Right from the start we wanted to do things differently, mainly driven by my own appalling experience of the financial services industry! So, while our company is called Beaufort Private Equity, we operate as a private members club and refer to our investor community as the Beaufort Society. We provide lots of financial education content including videos, podcasts, newsletters and webinars. All brought together in one place, the Beaufort Academy, which is both a desktop and mobile phone app.

Most private equity firms operate as a fund, so their clients have no say in the individual investments. We provide direct investment opportunities, so that our members can choose which companies they buy into and at what level. A third difference is that we provide a unique financial planning service, the Wealth360, where I get together with a regulated financial adviser and we each take a look at your portfolio to see if it is going to meet your objectives. I am not allowed to provide advice, but I can and do express opinions!

We’ve also grown a hand-picked panel of subject matter experts to help our members in areas where we are not qualified to do so. This includes regulated financial and tax advisers, sources of property finance, specialist insurance and the world’s leading experts on second residency and citizenship by investment programmes. We now have 800 members in 37 countries and the feedback we receive is that we are very much helping our members to achieve their goals.   

When thinking about a typical Beaufort Society member, what characteristics or profile traits do they tend to share, and what value does the society provide to individuals with these attributes?

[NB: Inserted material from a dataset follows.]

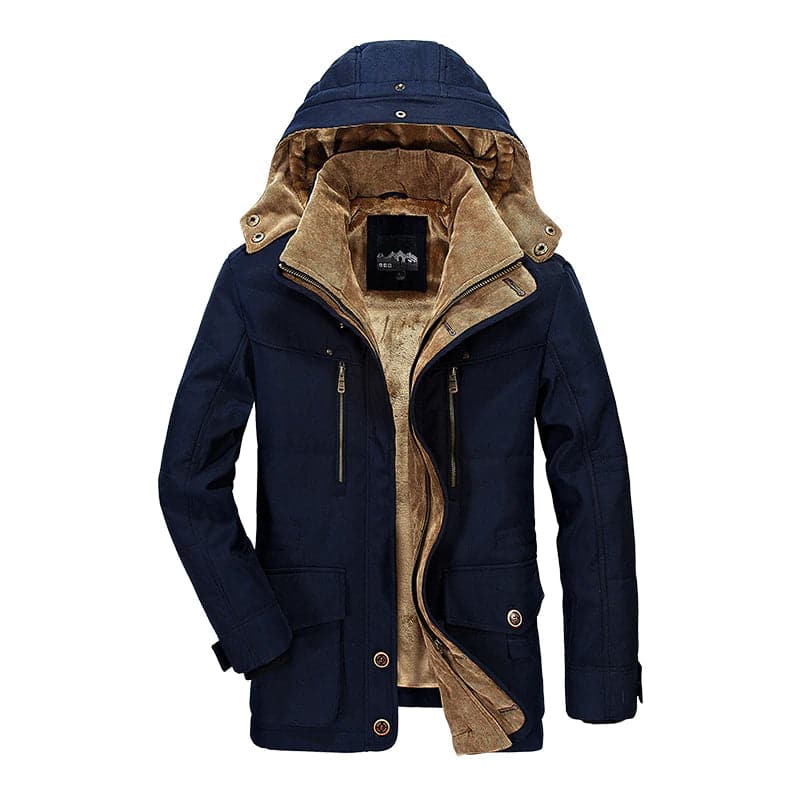 Comfortable Men's Winter Jacket with Multiple Pockets - Max-Blue-XS-State of Style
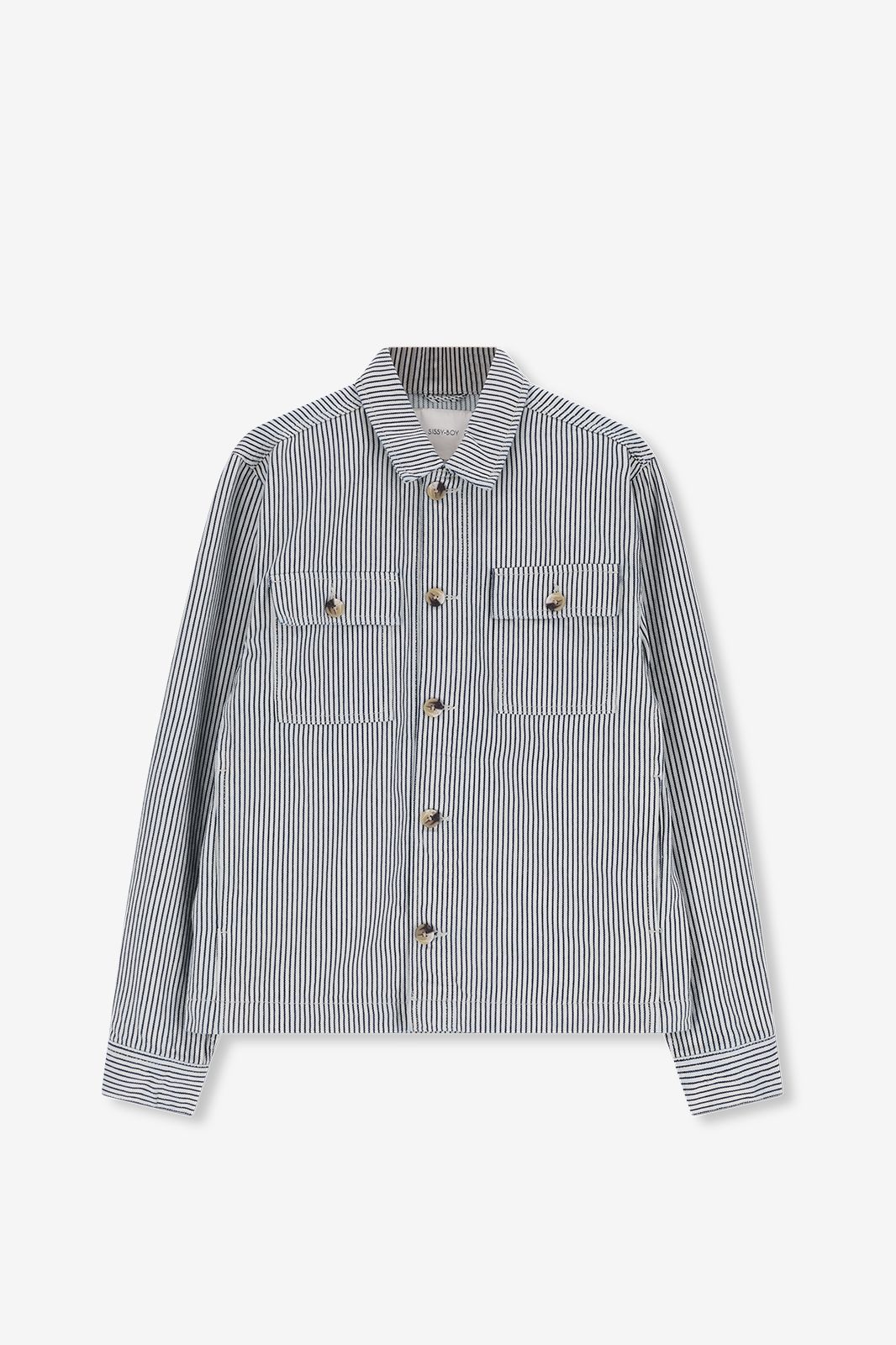 Gestreifte Workwear-Jacke - weiß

Great question. By definition they are successful because, in meeting the requirements of a High Net Worth investor, they are already in the top 5% of the population. Many are business owners who have built and sold an enterprise and are looking at how to invest the proceeds. Some are professionals like doctors and dentists, others are property investors looking to diversify out of bricks and mortar. What they share is a willingness to look at alternative investments that are not available from High Street advisers, such as private equity and private debt. Like me, they are slightly ‘renegade’ and suspicious of Big Government and its increasing attempts to restrict our freedom. 

They tend to be the most financially astute members of their families and take their leadership role in wealth creation, wealth protection and wealth transfer seriously. Most of all, they enjoy being able to mix with like-minded people because we are very much in the minority!

For those interested in becoming a member of Beaufort Society, what are the criteria or steps they should consider, and how can someone go about joining this exclusive network?

We deliberately try to remove as much friction as we can from the process. We don’t charge membership fees and we don’t make any charges when people invest. Our fees are paid by the companies for whom we raise capital and, where possible, we take part of our fees as equity so we can go on the journey with our members.

If someone meets the High Net Worth criteria I mentioned earlier, they can fil in the application form and self-certify their status at Beaufortprivateequity.com 

In the context of your work, both as an author and a speaker, what key messages or insights do you hope to convey to your audience, and how can individuals benefit from your expertise in the realm of investments and wealth management?

Our core philosophy is that we each need to take ownership of our financial future because, as I discovered to my cost, no one else has your financial wellbeing at the top of their agenda! The financial world loves to use complicated jargon to justify their fees, but there’s no secret to building a successful portfolio. Live within your means, save some money then start investing. If you study the legendary investors like Warren Buffet or Sr John Templeton, their key messages were ‘buy cheap and diversify’. So, if you combine buying stocks when they are cheap and spreading the risk across multiple sectors, you should see significant growth in a five to ten year time horizon.   

The most important point of all is to get started and make it a habit. As someone smarter than me once said, the best time to do this was twenty years ago. The second-best time to get started is today.